Rodent Karpov, the winner of the first Tactical vs Positional Challenge showed his class by defeating the 3300 level chess engine Komodo 10.4!
That’s right. Rodent Karpov, a version of Rodent that was deliberately weakened in order to mimic the highly positional style of Anatoly Karpov did the seemingly impossible.
Wanna learn how a 2800 engine personality crushed a 3300 powerhouse?
I’ll start from the beginning…
Last week I was investigating the following line of the French…
French Defense, Winawer Variation, 6…Qa5-a4 line
Here’s the line in question…
This line for black is definitely playable, and if black is careful on the kingside and doesn’t let white’s bishop pair get out of hand, he has a real chance to emerge with an advantage (or at least equality).
So as I do when I’m investigating a line, I ran a tournament featuring various chess engines from my list of favorites and the following morning I started to flip through the games.
Here is how I expected the games of Komodo 10.4 to play out as black.
- He contains the white bishops (probably within a rigid white pawn chain)
- He gradually outplays opponents, accumulating one positional trump after another
Something like this.
How I Expected Komodo 10.4 to Play the Line…
A smooth, albeit slow positional crush…
And this is mostly how the games went…
And then game this game.
Rodent Karpov Completely Outplays Komodo!

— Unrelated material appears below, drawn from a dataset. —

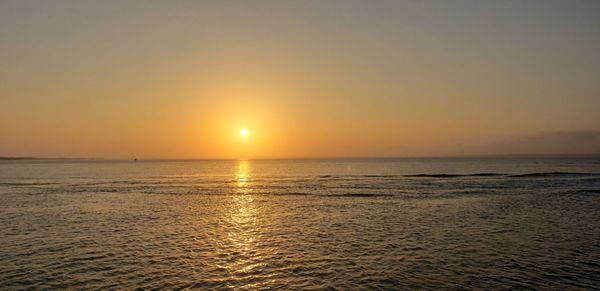 Beautiful photo of the setting sun while on the sunset cruise.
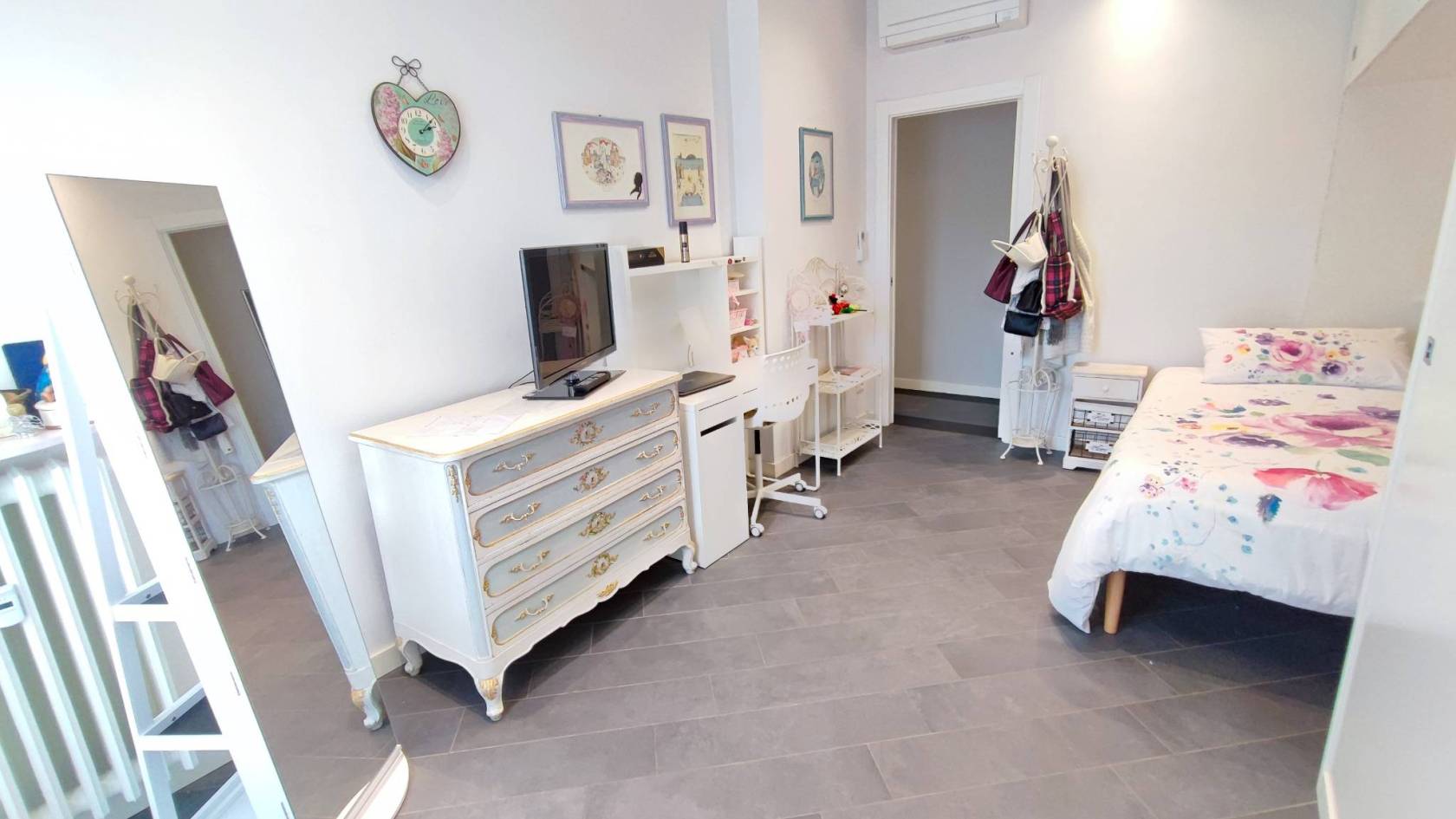 Salone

This game requires a lot of analysis to see where Komodo went wrong – it could be a case of simply “castling into it” which is why I mentioned to be very careful with your kingside in this line!
Really an impressive game by Rodent Karpov, who always seemed to have everything under control.
A New Star Emerges…
Just when we thought that Rodent Karpov was the greatest, most solid guy since…well, Karpov – he also lost a game which made him look like a complete amateur.
I created a new version of Rodent III Alekhine which I feel matches the style of Alexander Alekhine much more than a previous Alekhine personality (which I created when I had a lesser mastery of Rodent’s tuning features).
The following game which Rodent Karpov lost, features several elements of Alekhine’s style.
- Pawn sacrifices (for the intangible imbalance of “time” – which Alekhine used to accelerate his attack)
- Ferocious kingside attacking (seemingly from a blue sky)
Let’s see it.
What a brutal beating to receive – especially for a guy who beat Komodo 10.4 in the same week.
I’m still testing this Alekhine personality, but as we can see, things are looking good!